Google Search
Filmmakers find UTSC "perfect for production"

This summer, the meeting place was transformed into a police station for the science fiction series Shadowhunters. The Meeting Place is just one of the popular locations on campus for filmmakers. (Photo by Ken Jones)

Total Recall, Enemy, Resident Evil, Killjoys. More and more production companies are choosing U of T Scarborough as a backdrop for their films and TV shows. If you were on campus at all this summer, you would have noticed the cables, the film crews and the staging for one or more of five film sets, the latest being Guillermo del Toro’s The Shape of Water.

What is it about the campus that attracts all these creative projects? John Rakich, location manager for The Expanse, which was filmed at UTSC this summer, says that it has a lot to do with the Science and Humanities Wings.

“It’s one of the prime examples of brutalist architecture in the GTA,” says Rakich.

Otherwise known as The Andrews Building, the structure was designed by John Andrews, an award-winning Australian architect. It opened in 1966 as one of the first buildings on campus. Even then, it already had Hollywood status. In 1969 it served as the setting for Stereo, David Cronenberg’s first feature-length film. For the second season of The Expanse, parts of the Science Wing doubled as the Martian Embassy on Earth.

“Also in the campus we can isolate certain areas like the Meeting Place and Humanities Wing which makes it perfect for production sets and minimizing the amount of disruption that we cause,” says Rakich.

Soon after filming for The Expanse ended, another production was underway. Over a few days, the Meeting Place was transformed into a futuristic police station for the filming of ANON, a science-fiction film starring Amanda Seyfried and Clive Owen. Scott Alexander, the film’s location manager, says that the campus was one of the primary choices for the production.

“The director selected the campus early on. It was one of the focal points for this movie,” Alexander says. “The Meeting Place was the biggest draw. The big space with the balcony above made it perfect for what they were looking for.”

By now, you’ve probably noticed a trend with these films.

“UTSC is really now the home for science fiction and fantasy,” says Tom Ue, Frederick Banting Postdoctoral Fellow and editor of World Film Locations: Toronto.
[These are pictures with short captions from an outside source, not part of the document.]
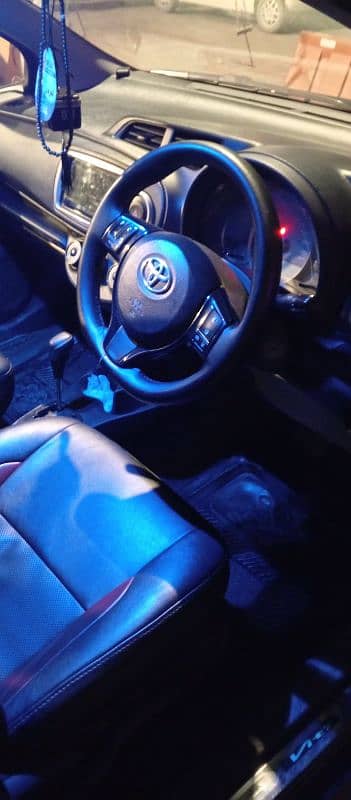 Toyota Vitz 2015 8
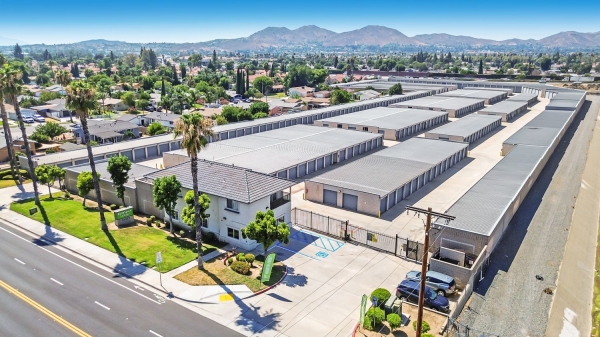 Facility photo: //images.sparefoot.com/medium/23477569942f89d2dde.jpg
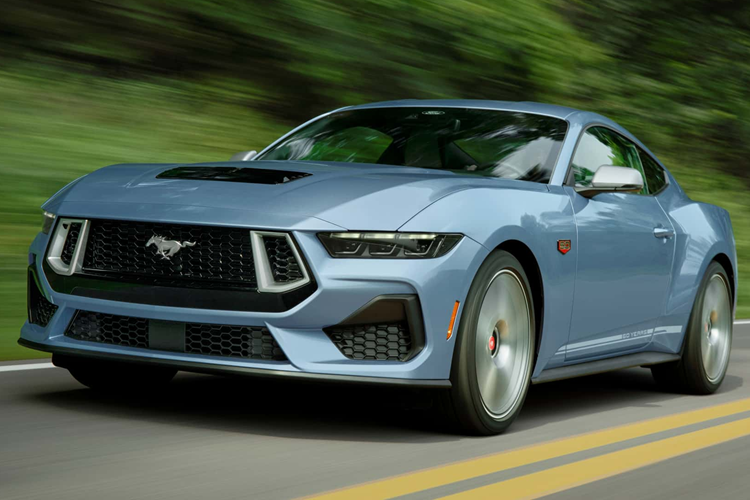 Khi Ford công bố Mustang kỷ niệm 60 năm vào đầu năm nay, mẫu xe đã được bán ra với ba lựa chọn màu sắc. Giờ đây thương hiệu sẽ bán ra thêm cho bản này một tùy chọn đã có màu thứ tư và tất cả chủ sở hữu Ford Mustang 2024 mới sẽ có thể cập nhật thêm giao diện hiển thị đồng hồ kỹ thuật mới với phong cách cổ điển hơn.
Ue is particularly excited about The Shape of Water.

“With del Toro I’m really hoping to see another Pan’s Labyrinth. Since then, he hasn’t done quite anything similar.”

The production is said to take place in 1963, during America’s Cold War era. All week, students, faculty and staff saw parts of the Humanities Wing transformed into a 1960s-era cafeteria complete with a cigarette vending machine. A row of colourful vintage cars were also parked in front of the Student Centre.

And UTSC isn’t the only spot in Scarborough that attracts filmmakers. Ted’s Restaurant on Old Kingston Road has been the backdrop for several productions including Orphan Black and Nikita. An estate home called Valley Hala, just off of the Toronto Zoo parking lot was the set for shows like Hemlock Grove and Shadowhunters. Film crews have also frequented green spaces in the Guildwood area and the manor homes in Port Union.

“If you’re looking for 1960s-style housing, there are plenty of spots in Scarborough that have that architecture,” Rakich says.

Scott Alexander says that there are even many movie-worthy locations further east.

“There’s the new GM Centre in Oshawa. It’s brand new, state-of-the-art, and looks really cool.”

Over the years, UTSC, Scarborough and the rest of the Eastern GTA has grown into a hub for both film makers and film enthusiasts. Ue credits this to the diversity that the region fosters.

“All of the different groups that have settled here are contributing to the area’s unique film culture. Now we have many events like the Scarborough Worldwide Film Festival,” says Ue. “There are even greater things to come and I’m sure that means more films shot here at UTSC.”